4.2 Default Interest. Following the occurrence and during the continuance
of an Event of Default, the Company shall pay additional interest on this Note
in an amount equal to seven (7%) per annum, and all outstanding obligations
under this Note, the Purchase Agreement and each other Related Agreement,
including unpaid interest, shall continue to accrue interest at such additional
interest rate from the date of such Event of Default until the date such Event
of Default is cured or waived.
4.3 Default Payment. Following the occurrence and during the continuance of
an Event of Default, the Holder, at its option, may demand repayment in full of
all obligations and liabilities owing by Company to the Holder under this Note,
the Purchase Agreement and/or any other Related Agreement and/or may elect, in
addition to all rights and remedies of the Holder under the Purchase Agreement
and the other Related Agreemetns and all obligations and liabilities of the
Company under the Purchase Agreement and the other Related Agreements, to
require the Company to make a Default Payment ("Default Payment"). The Default
Payment shall be 110% of the outstanding principal amount of the Note, plus
accrued but unpaid interest, all other fees then remaining unpaid, and all other
amounts payable hereunder. The Default Payment shall be applied first to any
fees due and payable to the Holder pursuant to this Note, the Purchase
Agreement, and/or the Related Agreemetns, then to accrued and unpaid interest
due on this Note and then to the outstanding principal balance of this Note. The
Default Payment shall be due and payable immediately on the date that the Holder
has exercised its rights pursuant to this Section 4.3.
ARTICLE V
MISCELLANEOUS
5.1 Conversion Privileges. The conversion privileges set forth in Article
III shall remain in full force and effect immediately from the date hereof until
the date this Note is indefeasibly paid in full and irrevocably terminated.
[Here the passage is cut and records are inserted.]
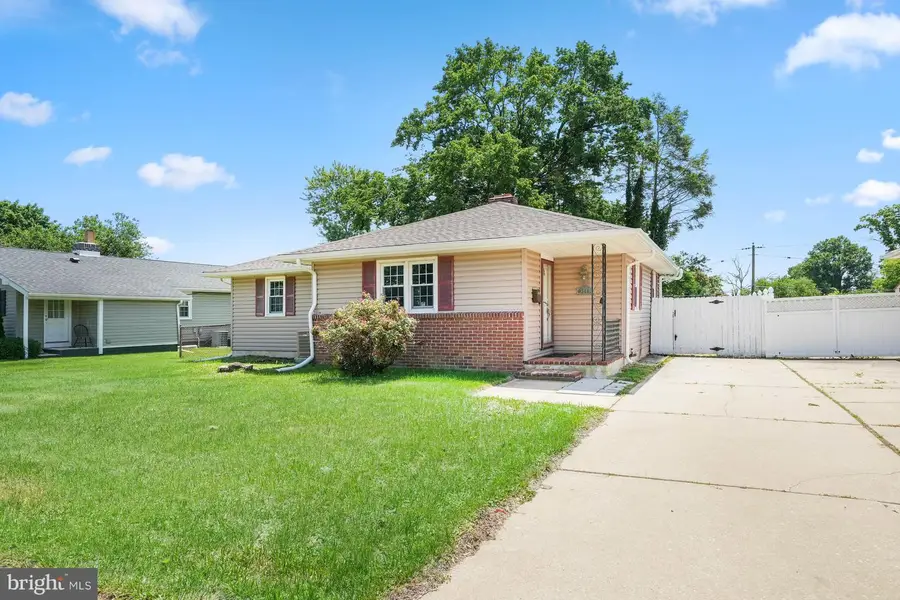 3818 Nancy Ave, Wilmington, DE 19808 - #3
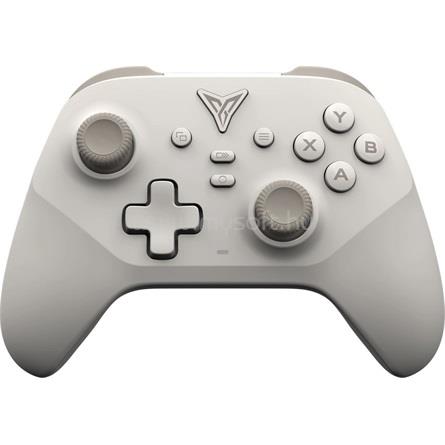 FLYDIGI Dune Fox Bluetooth / USB / vezeték nélküli gamepad játékvezérlő (fehér)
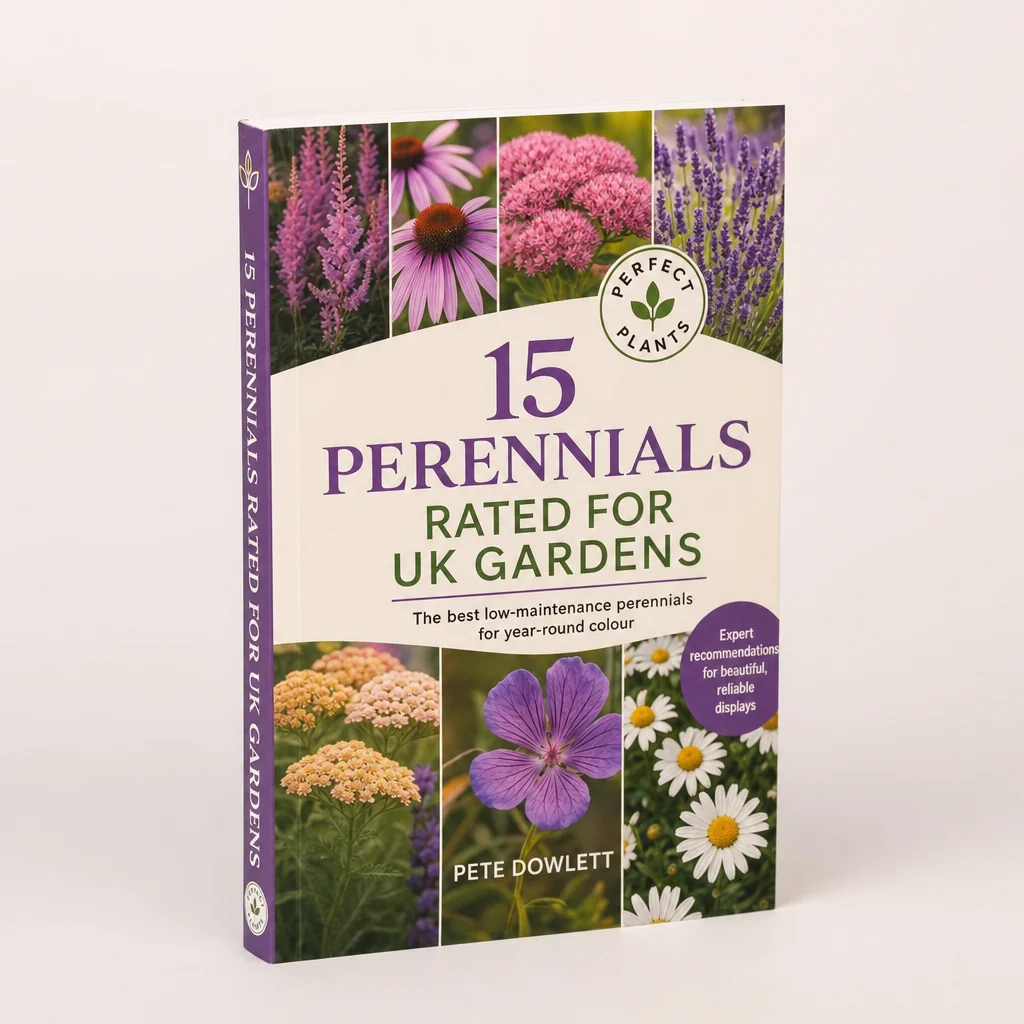 15 Perennials Rated for UK Gardens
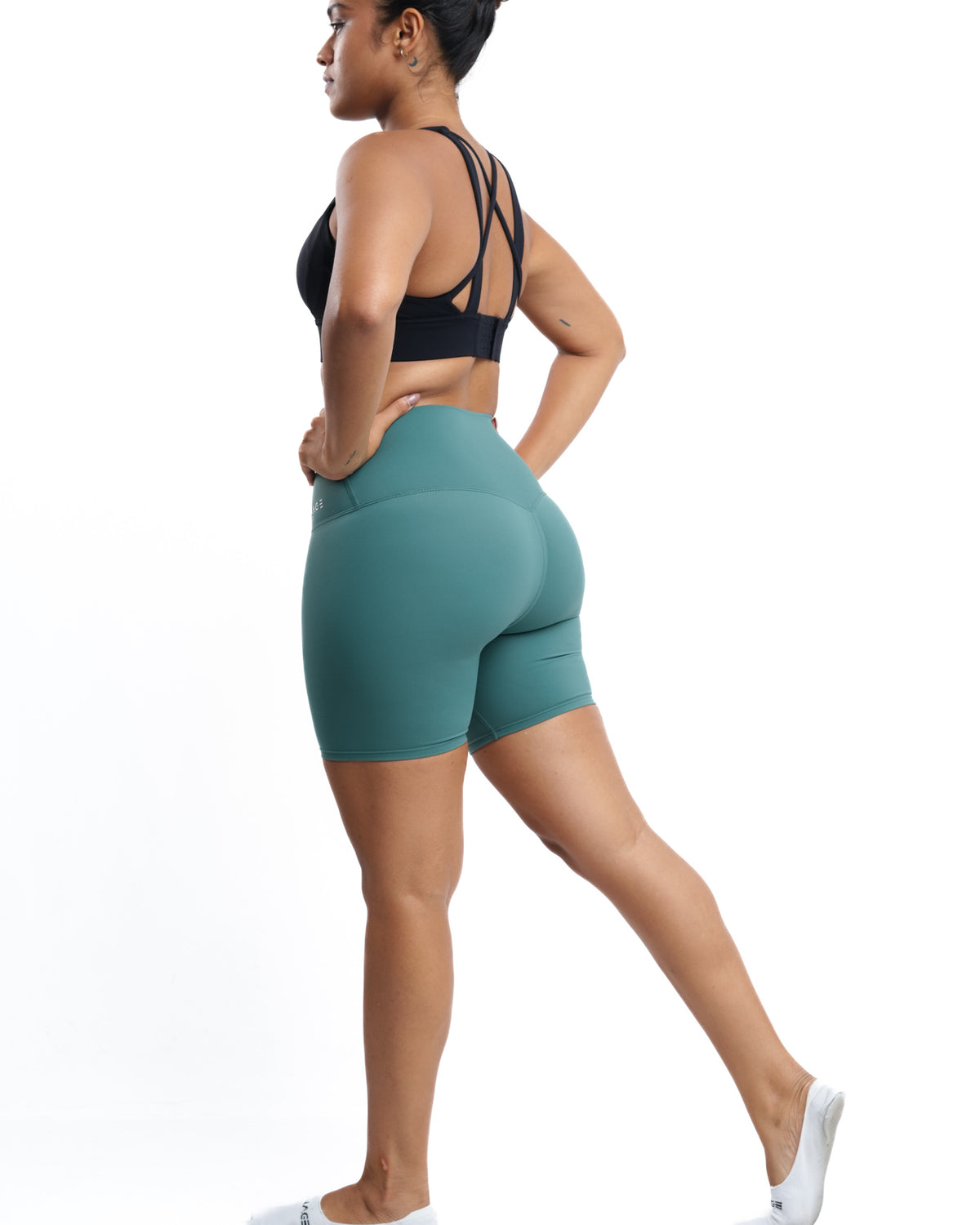 Rapture Biker Short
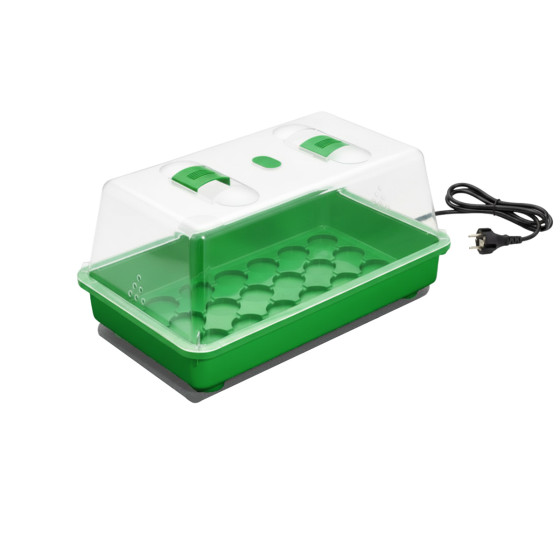 nappe chauffante semis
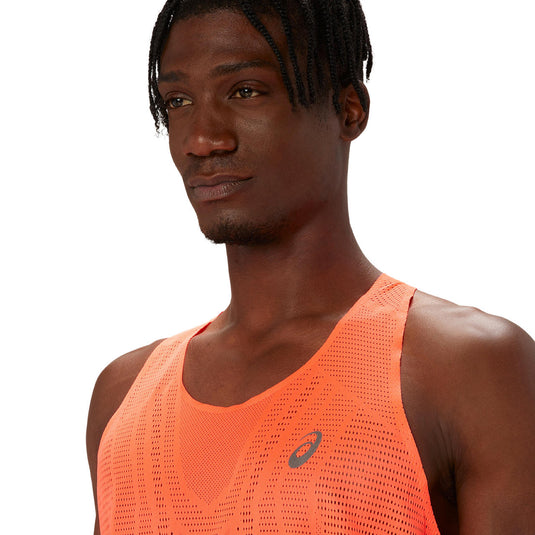 Asics metarun singlet hotsell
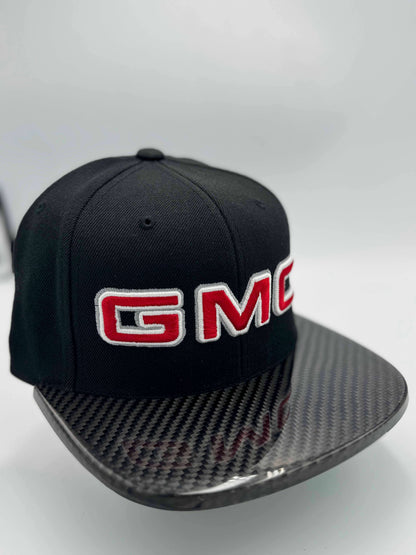 GMC Custom Carbon Fiber Hat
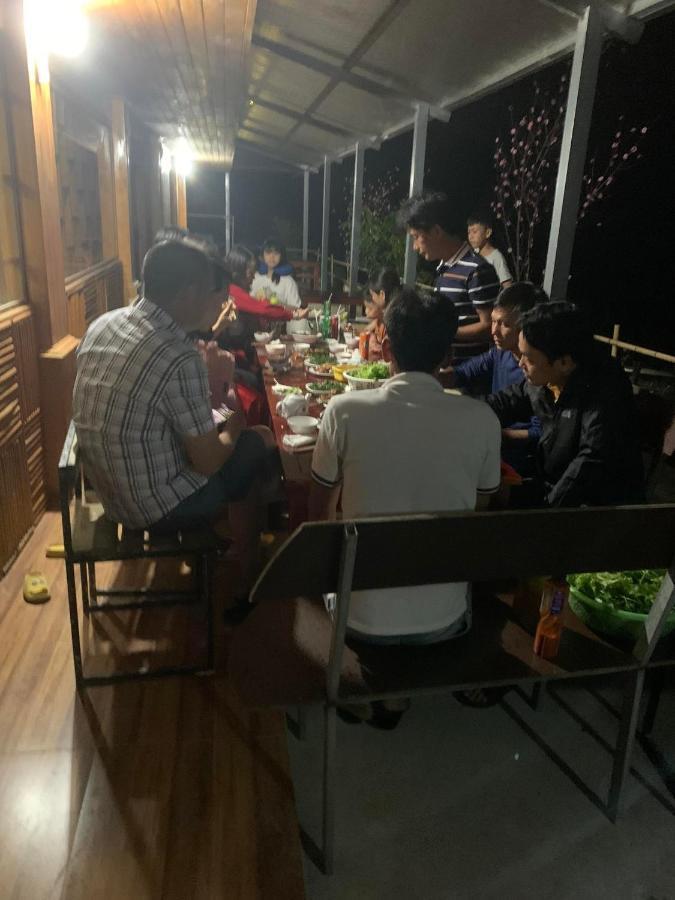 Sakura Homestay Sa Pa Extérieur photo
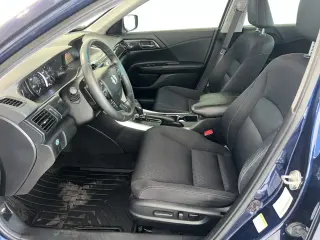 Honda Accord 2015 Sport 4p Sedan CVT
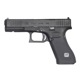 UMAREX / GHK GLOCK G17 Gen.5 MOS �����֥����Хå����� (GHK GLOCK V2 GBB System) �֥�å�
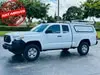 Florida Fine Cars - Used TOYOTA TACOMA 2WD 2023 MIAMI SR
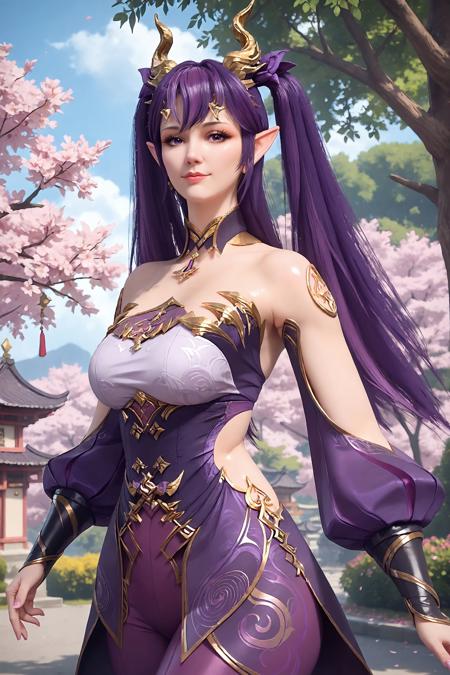 斗破苍穹 - 大紫研 - Pony v1.0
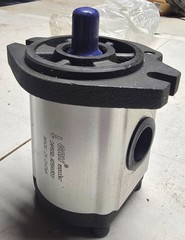 Hydraulic Gear Pump GRH Low Noise High Pressure – 13.31 GPM 3625 PSI
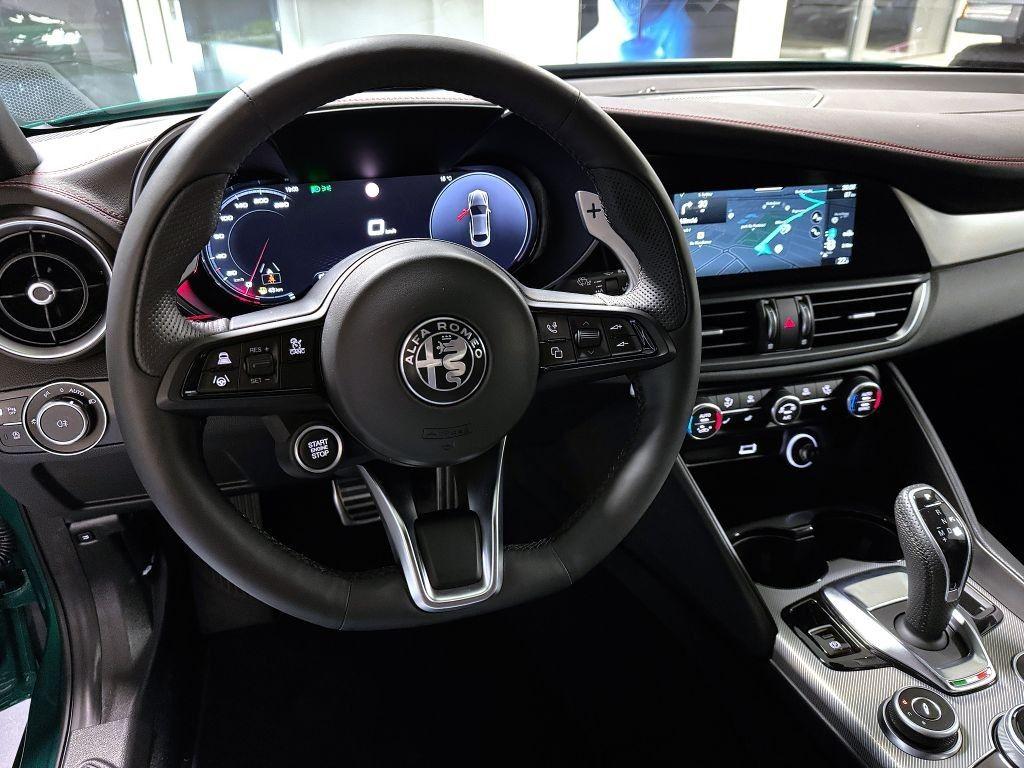 Alfa Romeo Giulia 2.2 JTDm 210k AT8 ZF Q4 4x4 Tributo *425*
5.2 Cumulative Remedies. The remedies under this Note shall be cumulative.
5.3 Failure or Indulgence Not Waiver. No failure or delay on the part of
the Holder hereof in the exercise of any power, right or privilege hereunder
shall operate as a waiver thereof, nor shall any single or partial exercise of
any such power, right or privilege preclude other or further exercise thereof or
of any other right, power or privilege. All rights and remedies existing
hereunder are cumulative to, and not exclusive of, any rights or remedies
otherwise available.
5.4 Notices. Any notice herein required or permitted to be given shall be
in writing and shall be deemed effectively given: (a) upon personal delivery to
the party notified, (b) when sent by confirmed telex or facsimile if sent during
normal business hours of the recipient, if not, then on the next business day,
(c) five days after having been sent by registered or certified mail, return
receipt requested, postage prepaid, or (d) one day after deposit with a
nationally recognized overnight courier, specifying next day delivery, with
written verification of receipt. All communications shall be sent to the Company
at the address provided in the Purchase Agreement executed in connection
herewith, and to the Holder at the address provided in the Purchase Agreement
for such Holder, with a copy to Xxxx X. Xxxxxx, Esq., 000 Xxxxx Xxxxxx, 00xx
Xxxxx, Xxx Xxxx, Xxx Xxxx 00000, xxxxxxxxx number (000) 000-0000, or at such
other address as the Company or the Holder may designate by ten days advance
written notice to the other parties hereto. A Notice of Conversion shall be
deemed given when made to the Company pursuant to the Purchase Agreement.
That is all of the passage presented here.